Only the pictures should be left out; write out all other data exactly.

DATA EXCERPT:
__________________________________________________

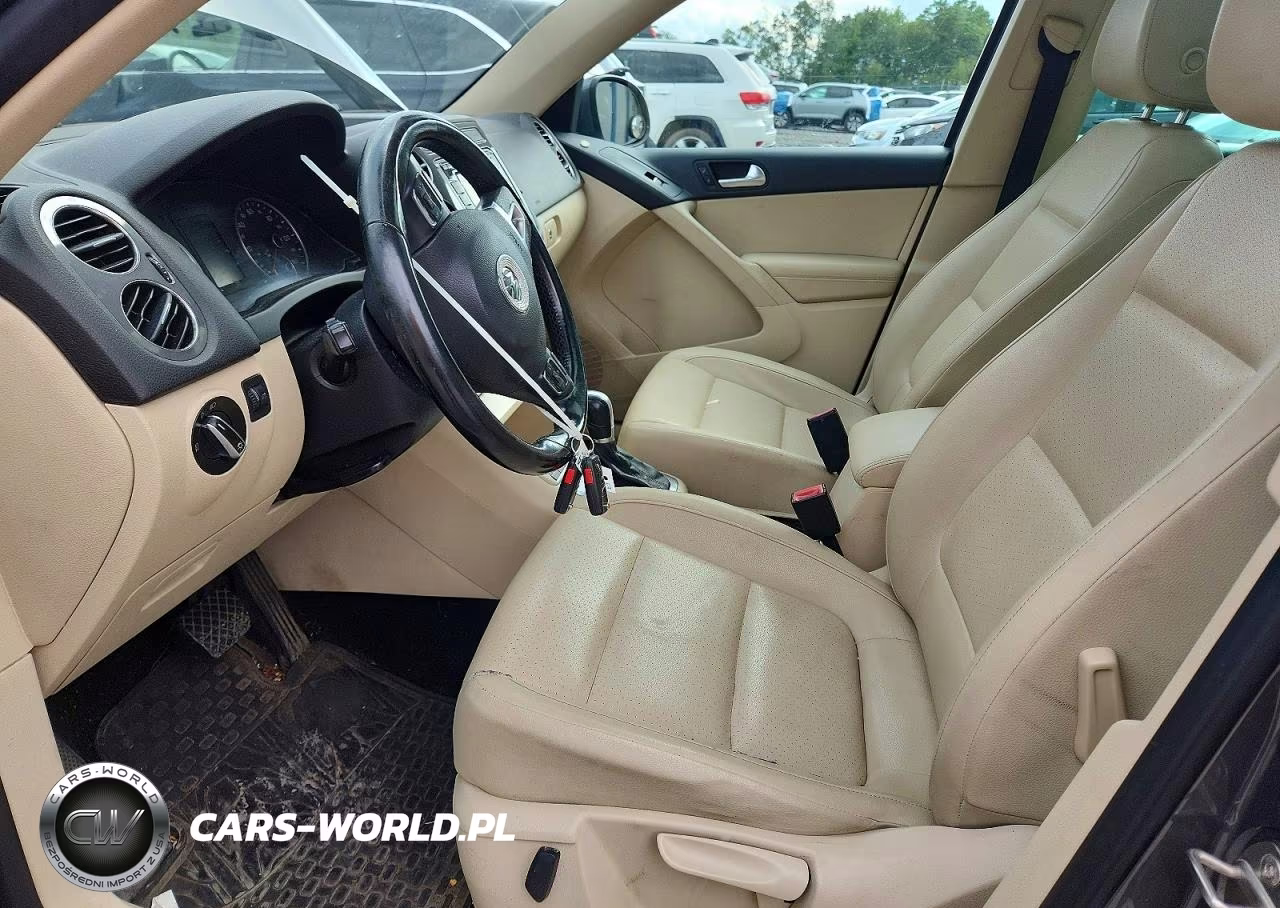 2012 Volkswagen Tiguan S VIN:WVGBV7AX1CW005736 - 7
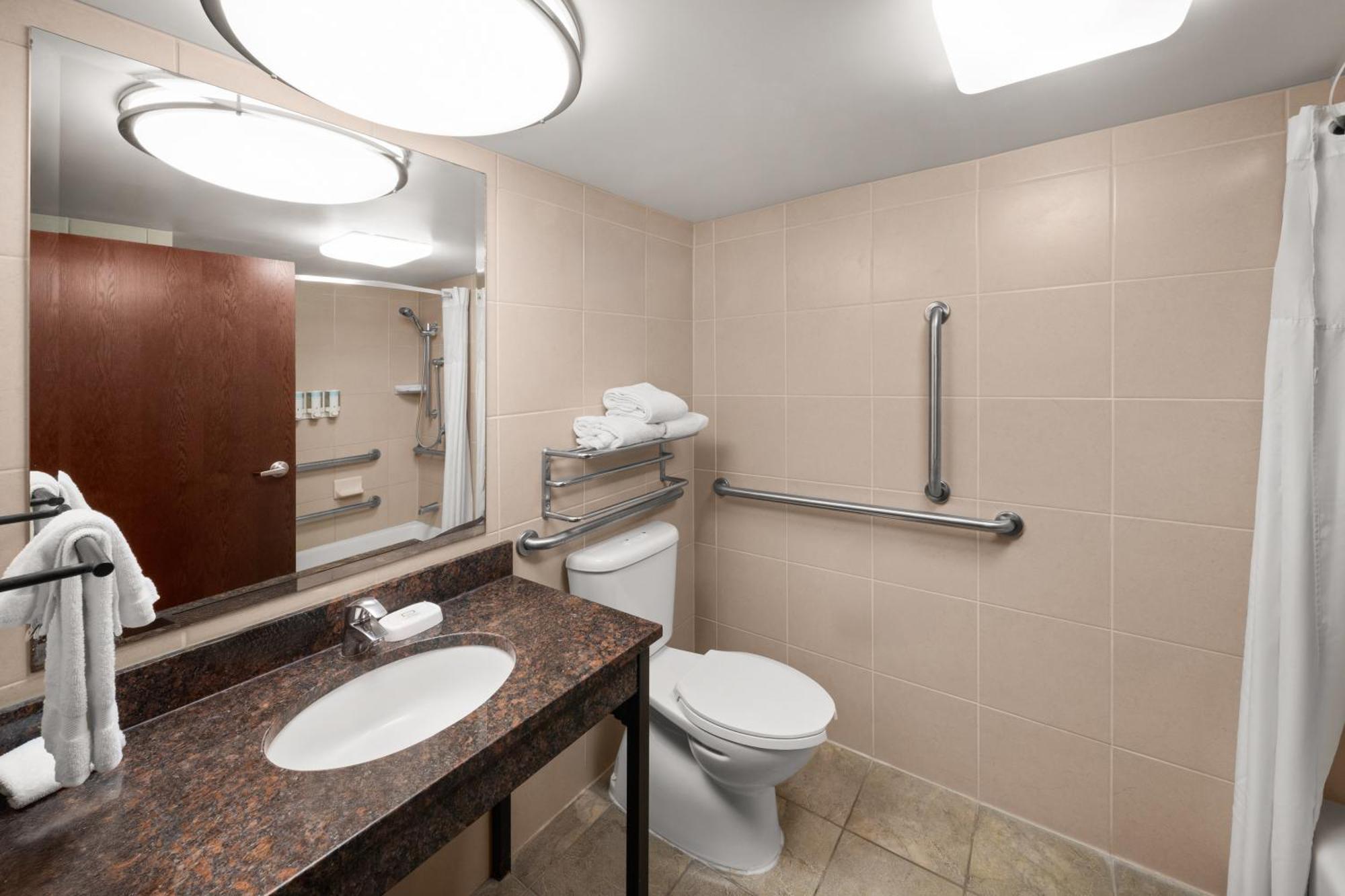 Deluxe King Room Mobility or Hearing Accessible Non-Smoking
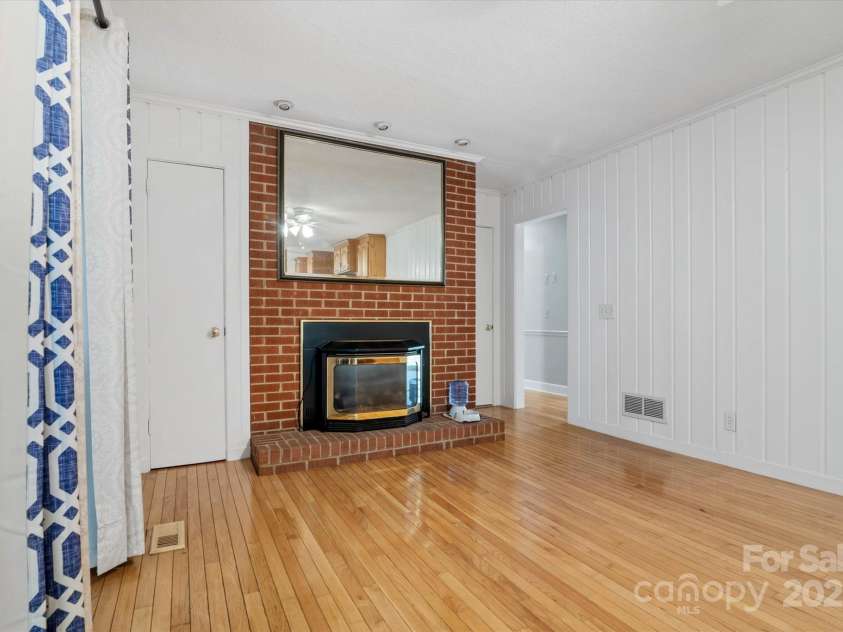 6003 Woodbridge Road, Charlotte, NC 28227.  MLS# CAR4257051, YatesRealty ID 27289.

__________________________________________________

EXERCISE ANSWER:
 2012 Volkswagen Tiguan S VIN:WVGBV7AX1CW005736 - 7
 Deluxe King Room Mobility or Hearing Accessible Non-Smoking
 6003 Woodbridge Road, Charlotte, NC 28227.  MLS# CAR4257051, YatesRealty ID 27289.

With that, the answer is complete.